An important bit of info, I am using MATLAB with the Mapping Toolbox to do this, I do not have ArcGIS.

Summary question: how can I compute a best fit bounding ellipse for a set of latitude and longitude coordinates? I need the semi-major and semi-major axes measured in degrees or radians, or the semi-major axis and eccentricity.

Long version: I have several sets of geographic data in latitude and longitude coordinates. I want to compare the clustering and distribution of different groupings of these points and display on a map with each grouping displayed inside of a closed polygon containing the points. This isn't hard to do with standard tools if the enclosing polygons are circles. For the most part this works, but one of the data sets has an outlying point that causes the enclosing circle to be much larger than it should be.
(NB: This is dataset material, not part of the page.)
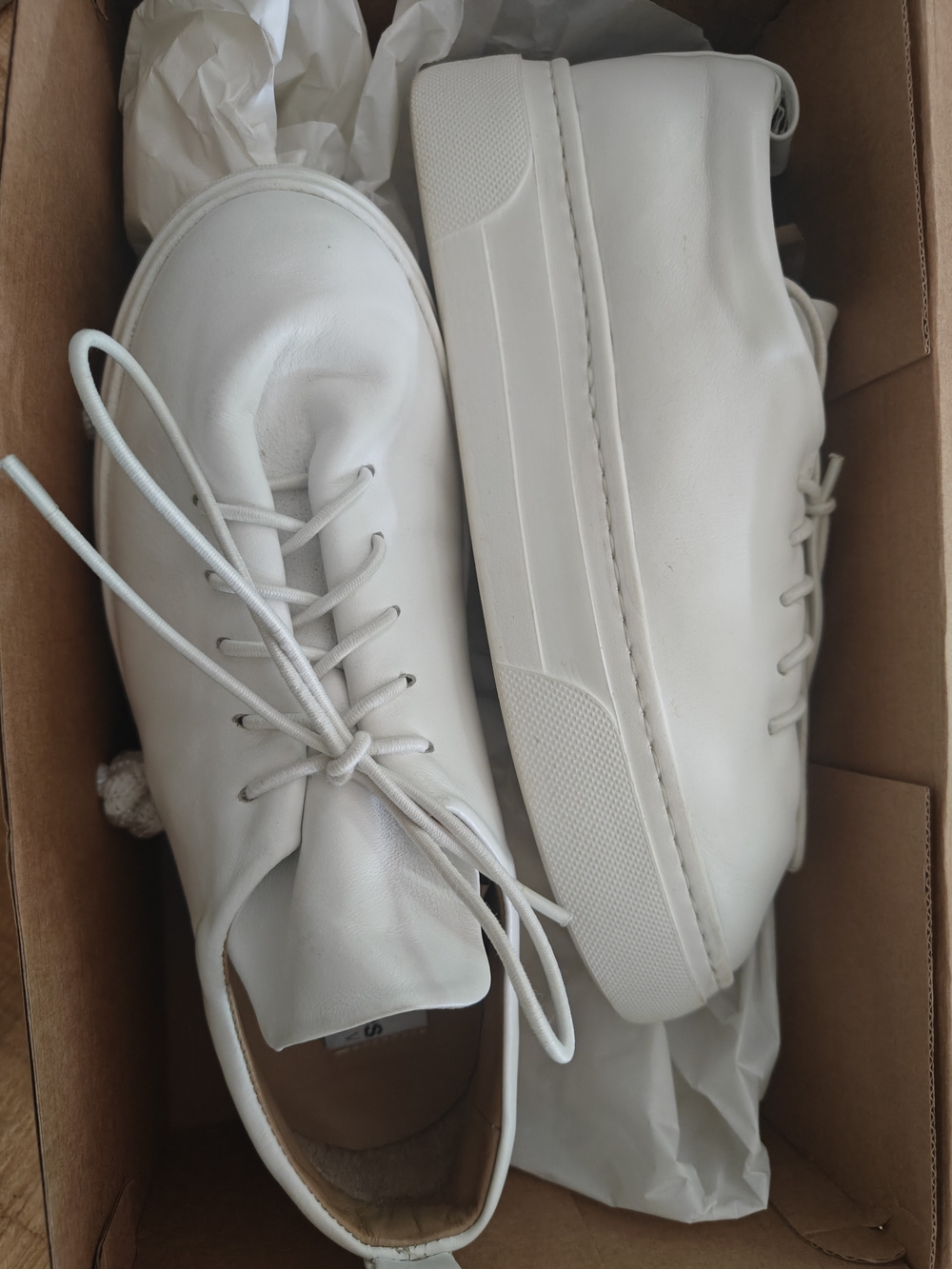 Woman's All-White Low-Top Lace-Up Sneakers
Of course, a circle drawn with radius computed by the Standard Distance alleviates this issue, but I need my graphs so obvious, even a caveman could understand them. If I have to explain why some points lie outside the circle that is supposed to represent them, I have lost the argument. So, what I want to compute is an ellipse, which will have a long semi-major axis skewed to the outliner, but the semi-minor axis will still be able to show tight clustering of points. That is, a long skinny cigar shape would still give a visual effect of points being clustered near the semi-major axis.

Any ideas? Internet searches have not really turned up anything I recognize as a viable solution. If worse comes to worse, I can setup up my own least-squares solution to this, but that will require some thought into how to setup a Cartesian coordinate system to project the lat/lon coordinate upon.